Addressing the young union representatives, Cabrera disclosed: "My daughter was nearly raped at her Valencia home. "She was ordered to take off her underwear and told if she made any noise he (the attacker) would kill everybody in the house. She started to bawl and he ran away."
Cabrera later told the T&T Guardian his daughter was a single 30-year-old mother of three girls. She lived with her mother. "There are no men in the house," he added. Valencia Police last Monday warned women who live alone to be on the lookout for three sexual predators who were recently released from prison.
The police said the man suspected of the attempted rape of Cabrera's daughter also tried to attack another woman in the Valencia area two hours later that same day. Cabrera said some employers did not ensure workers who cover late shifts were protected. He recalled during that last period of negotiations with a daily newspaper the union proposed a shuttle service to take late shift workers to their homes but the company fell short in implementing the proposal.
"They were just dropping workers at the Croisee (in San Juan)," he said. Further, women who are attacked by sex offenders needed time off to go to the police and to seek counselling, Cabrera added. He made the comments during an address to young shop stewards at an education seminar, titled "Organising Workers to Combat Global Challenges."
He said over the next few days the union representatives would be educated on how to unionise members of a workplace and mobilise them to come out and demonstrate. They also would be taught how to handle grievances, he added. Cabrera said the shop stewards needed to understand they worked in an environment and in the wider society that were hostile to trade unionism.

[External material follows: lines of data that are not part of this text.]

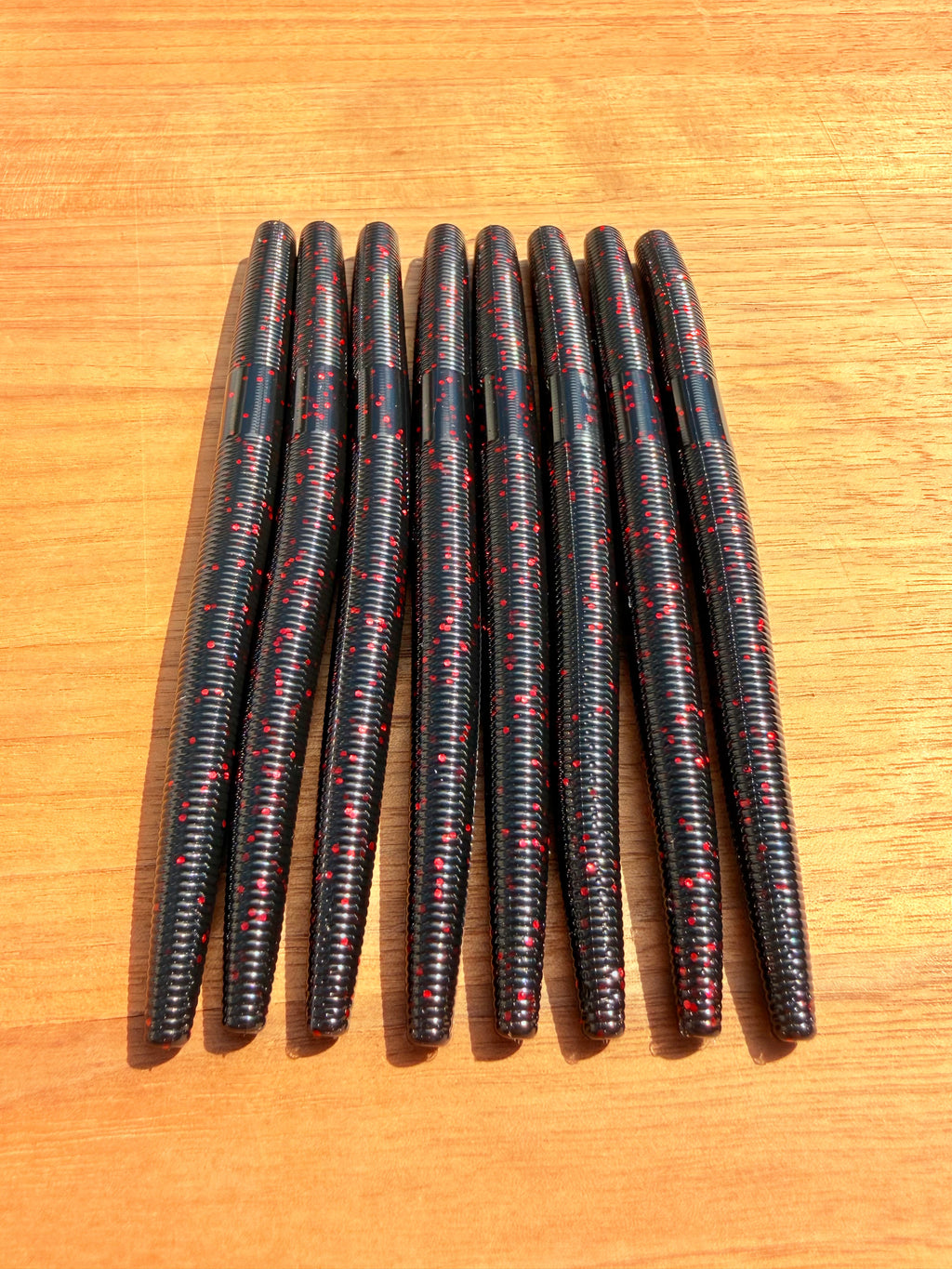 Black Widow - 5 Inch Senko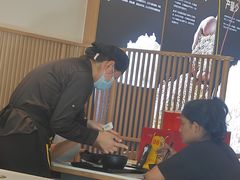 -老娘舅(富都广场店)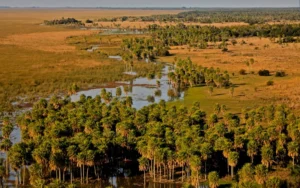 Un destino turístico de Argentina entre los mejores 30 del mundo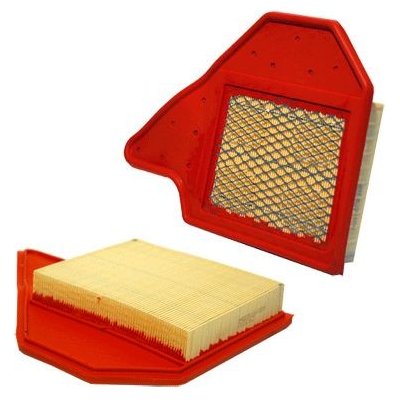 Vzduchový filtr WIX FILTERS 49737 – Hledejceny.cz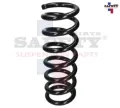 Imagen de RESORTE AMORTIGUADOR DELANTERA IZQ DER SILVERADO 1500 00-06 SET/2PZ 1803002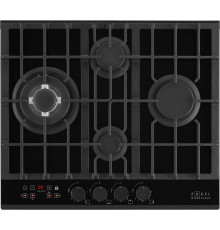 Варочная поверхность Zugel ZGH600X черная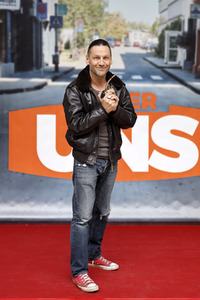 Preisverleihung 'Unter uns-Starwahl' in Köln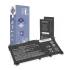 Bateria Mitsu do HP 250 255 G9 15-EH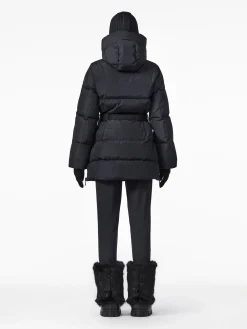 Goldbergh FORÊT Ski Jacket black Outlet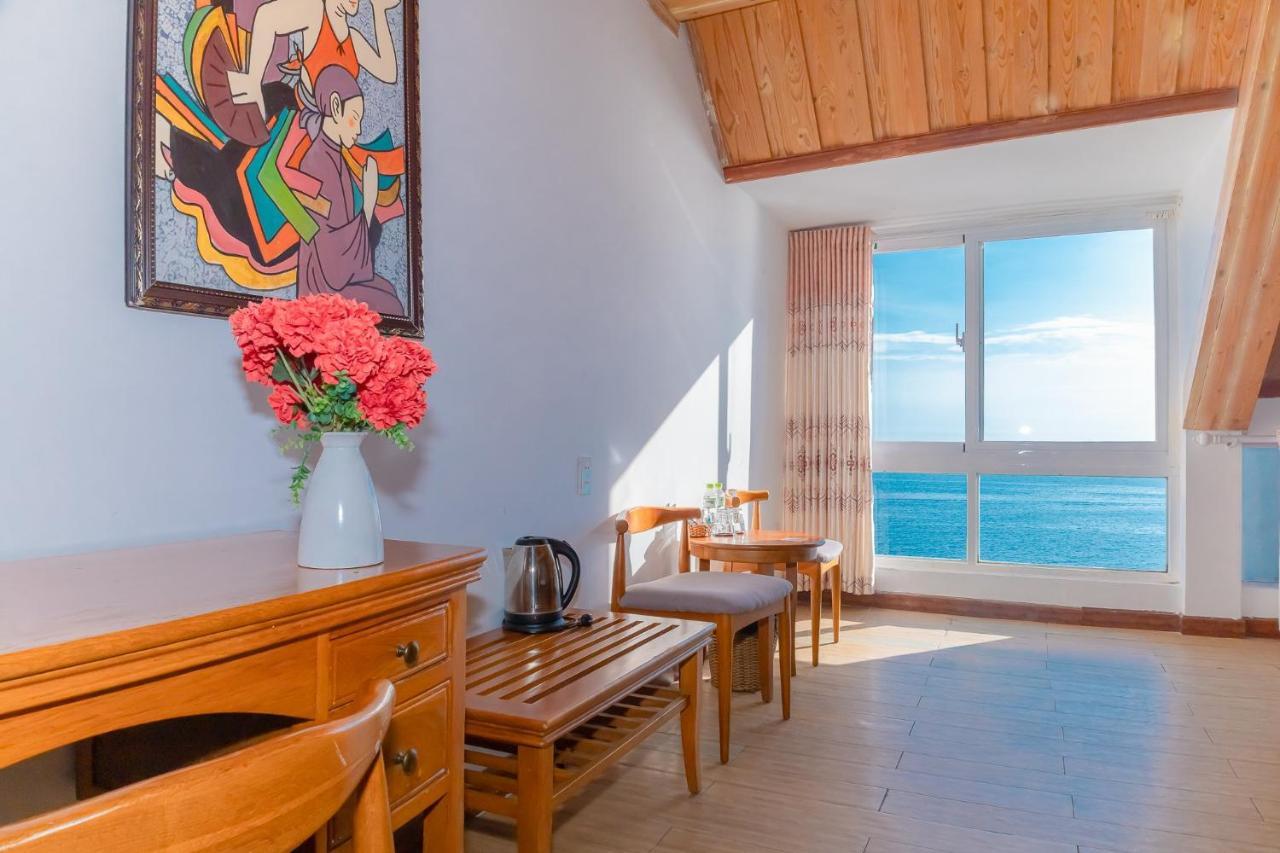Sun Viet Resort Фукуок Екстер'єр фото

"Managers do not like trade unions and they never will," he added. Cabrera took another shot at a second media company for an editorial which criticised Oilfields Workers' Trade Union president Ancel Roget. "The editorial said Roget's 'latest blunder' had little to do with national or workers' interest but only with preserving the union," he said.
He also criticised politicians who attacked the trade union movement. Commenting on the seminar's theme, Cabrera said human resource management was a result of the globalisation of the workplace. He charged that in human resource management, the rights of the individual were not recognised but only the objectives of the company.
He added: "Human resource is not about the empowerment of workers. "We are going to train you to manage any manager they send."